• **WHAT YOU HAVE TO DO**:
Please write out exactly the lines that begin at the line containing "Działka budowlana na" and run to the end of the records.

──────

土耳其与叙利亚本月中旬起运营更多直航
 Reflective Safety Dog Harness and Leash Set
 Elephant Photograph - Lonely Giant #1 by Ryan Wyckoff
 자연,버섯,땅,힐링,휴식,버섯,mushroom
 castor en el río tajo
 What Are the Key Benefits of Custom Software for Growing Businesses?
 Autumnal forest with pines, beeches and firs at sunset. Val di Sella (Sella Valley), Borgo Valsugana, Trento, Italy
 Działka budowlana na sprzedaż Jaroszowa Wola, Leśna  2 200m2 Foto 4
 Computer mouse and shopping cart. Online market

──────

• **COMPLETED TASK**:
 Działka budowlana na sprzedaż Jaroszowa Wola, Leśna  2 200m2 Foto 4
 Computer mouse and shopping cart. Online market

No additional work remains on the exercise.